Although flood insurance is relatively inexpensive, most Americans neglect to even consider protection. Only about one-quarter of the homes in areas most vulnerable are insured against flood loss, according to the Federal Insurance Administration (FIA). In those areas, flooding is 26 times more likely to occur than a fire during the course of a typical 30-year mortgage.
Also, a study released by the FEMA on June 27, 2000, reported that close to 87,000 homes and buildings have been built on land likely to wash away during the next 60 years. Even then, some insurance companies are willing to expose themselves to these higher risk locations and take on policies in some of the developed barrier areas. Instead of an estimated $340 in premiums offered through the government program, a few private companies will charge about $3,000 a year for flood coverage of slightly less than $200,000.
It is somewhat unusual to find homes in our area built in a flood zone. Sometimes the PROPERTY may be affected, but usually not the structure of the home itself. Rest assured, we will check your property and structure against the 100 year flood maps and inform you if your property requires flood insurance coverage.
INTEREST RATES AND CLOSING COSTS
It is very important to understand how discount points affect your interest rate when comparing loan options. For instance, if you called and asked three different lenders if they had a 30 year loan available at 4.5% interest, they would most likely all tell you, "yes". But what you really need to ask is how many discount points that a 4.5% thirty year fixed rate would cost you! (One discount point is equal to 1% of the loan amount. Or, one point on a $100,000 loan would cost $1,000.) Most likely, when looking at the upfront expense vs. the monthly savings, you will come to the conclusion that to "buy down" an interest rate just doesn't make good financial sense.
Discount Points and Monthly Interest
To understand the correlation between discount points and interest rate, let's start by explaining what is meant by a "PITI" payment: P= Principal I = Interest T =Taxes I = Insurance
Principal is a fixed amount that you borrow to apply toward the sales price of the home you purchase.
Taxes and Insurance represent 1/12 of the total annual amount. Every month when you make your total PITI payment, the tax and insurance portion of your payment is put in an "escrow" account and held until due and payable.
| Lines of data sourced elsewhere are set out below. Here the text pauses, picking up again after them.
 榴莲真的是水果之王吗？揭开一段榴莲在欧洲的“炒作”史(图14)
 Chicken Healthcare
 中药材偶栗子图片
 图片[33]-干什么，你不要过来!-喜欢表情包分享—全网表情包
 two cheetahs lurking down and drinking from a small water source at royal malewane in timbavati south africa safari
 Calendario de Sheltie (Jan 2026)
Interest is the amount that is negotiated in exchange for the type and term of the loan. Interest can be paid monthly, or can be partially prepaid at the time of closing in the form of discount points. The more you pay up front in discount, the lower your annual interest rate, thus the lower your monthly payment.
Whether or not paying discount points makes sense for you depends on how long you plan to keep the loan. You will need to use a mortgage calculator to help you decide: Mortgage Points Calculator
Note: Each discount point paid on a 30-year loan typically lowers the interest rate by 0.125 to 0.375 percent. That means a 7.5 percent rate (7.78 APR) would be lowered to at least 7.375 percent if you pay one point. (APR: 8.36)
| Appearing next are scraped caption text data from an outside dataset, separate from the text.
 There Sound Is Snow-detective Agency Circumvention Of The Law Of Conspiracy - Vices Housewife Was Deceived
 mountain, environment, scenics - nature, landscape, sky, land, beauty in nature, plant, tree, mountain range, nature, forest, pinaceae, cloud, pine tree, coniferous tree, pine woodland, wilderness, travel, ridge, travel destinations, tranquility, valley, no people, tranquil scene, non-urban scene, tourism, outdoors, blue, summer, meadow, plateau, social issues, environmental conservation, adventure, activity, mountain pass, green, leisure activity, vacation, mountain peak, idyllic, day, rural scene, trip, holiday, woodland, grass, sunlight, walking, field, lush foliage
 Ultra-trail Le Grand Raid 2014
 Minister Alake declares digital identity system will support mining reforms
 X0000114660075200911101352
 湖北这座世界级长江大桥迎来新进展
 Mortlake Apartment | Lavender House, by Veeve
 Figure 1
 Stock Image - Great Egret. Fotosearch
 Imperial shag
$100,000 Loan -30 Year Term MonthlyPayment 7.5% Interest, no points $699.21 7.375% Interest, 1 point @ $1,000 $690.68 x Difference = Monthly Savings $8.53 x Monthly Savings/$1000 = Break Even Point 117 Months
In the example above you would have to keep the home loan for over nine years to recover the cost of buying discount points (considering only the simple calculation of those funds at today's value).
Typically, it does not make sense to pay discount points to buydown your interest rate due to the "recovery factor". Therefore, typically when lenders quote interest rates, they quote a "par rate", which is a non-discounted interest rate loan.
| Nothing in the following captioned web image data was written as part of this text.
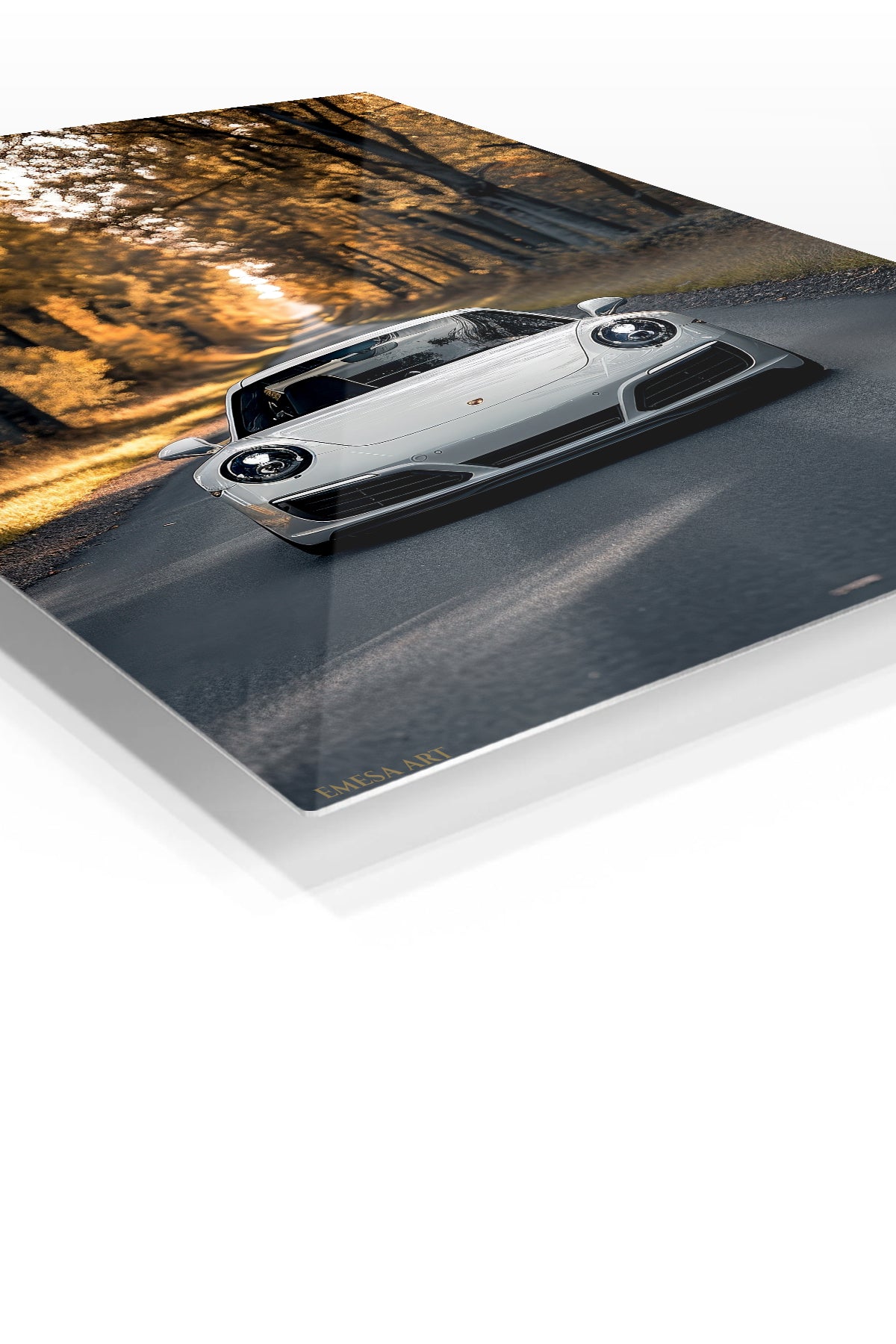 White Porsche 911 Forest Road wall art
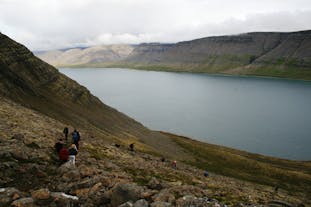 Inoubliable Randonnée de 5h dans les Fjords de l'Ouest Islandais avec Prise en Charge à Patreksfjordur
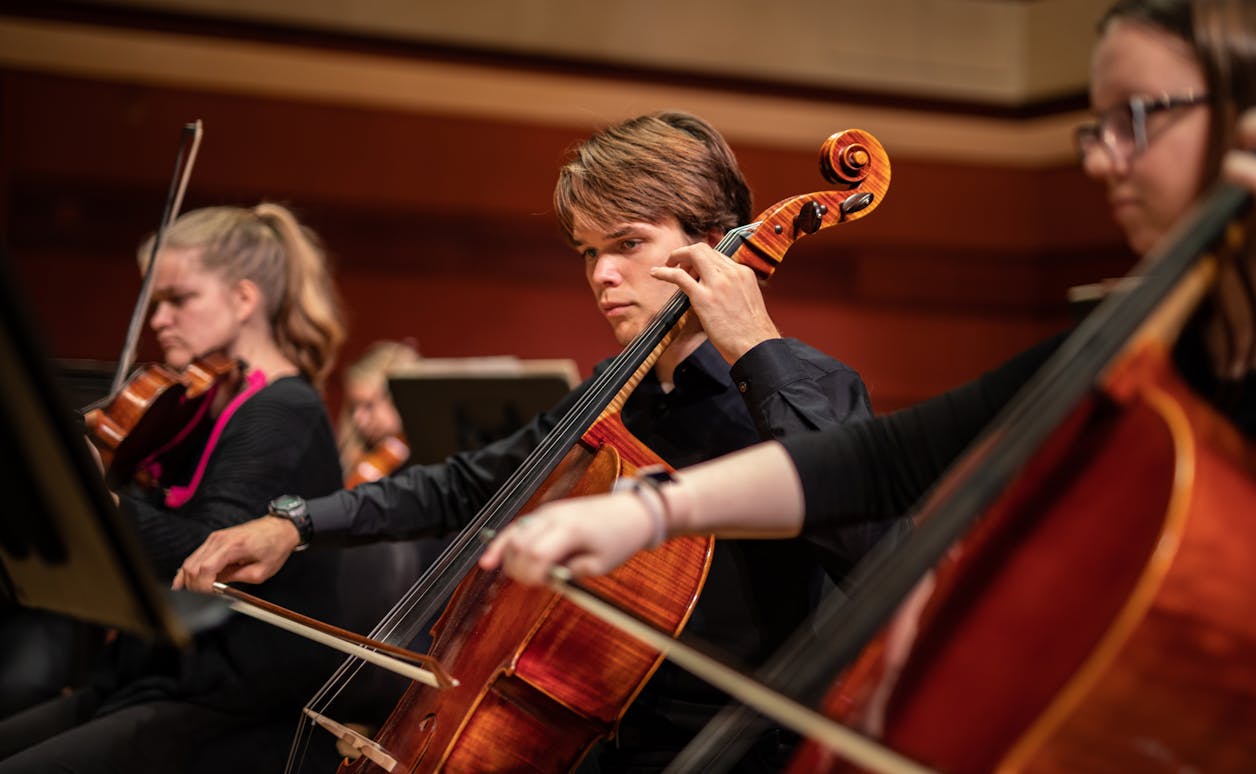 $majorImageDescription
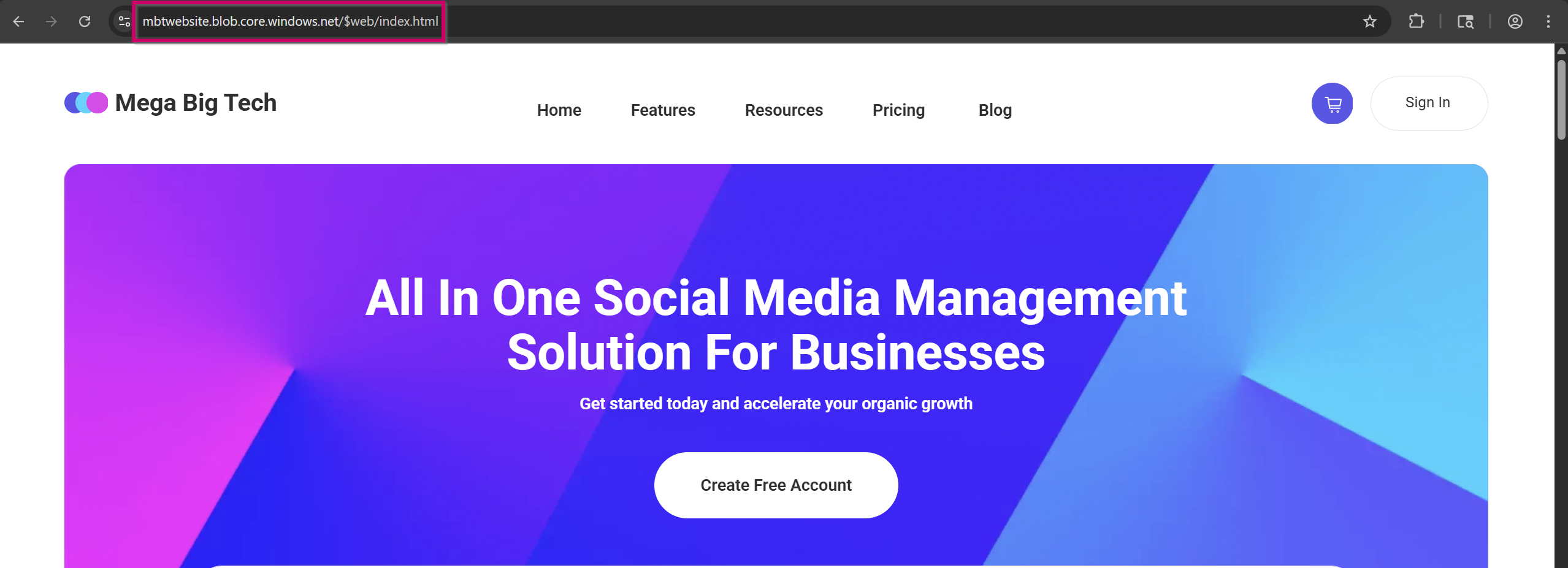 Website loaded from blob storage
Comparing one mortgage to another isn't as easy as just comparing rates. To make a fair comparison, you need to compare three major components of a loan's price - interest rate, discount points AND closing costs!
Comparing closing costs between lenders isn't as easy as it sounds. Every lender refers to charges differently. Some itemize the charges, others lump them together. Plus, there are actual lender charges and there are "pass through" costs, or third party expenses that a borrower is required to pay. As a lender, we know what our charges will be, but can only estimate what the third party charges are. Typical lender fees include charges for document preparation, underwriting/ processing (typically called admin fees) and origination. Third-party fees include charges for title searches, flood certifications, appraisals and such. Government fees include recording taxes and other charges assessed by local and state agencies. The last category of closing cost fees are called "prepaids". Prepaids include your up front annual homeowner's insurance plus escrows; property tax escrows; and daily interest from the day you close your loan through the end of the month.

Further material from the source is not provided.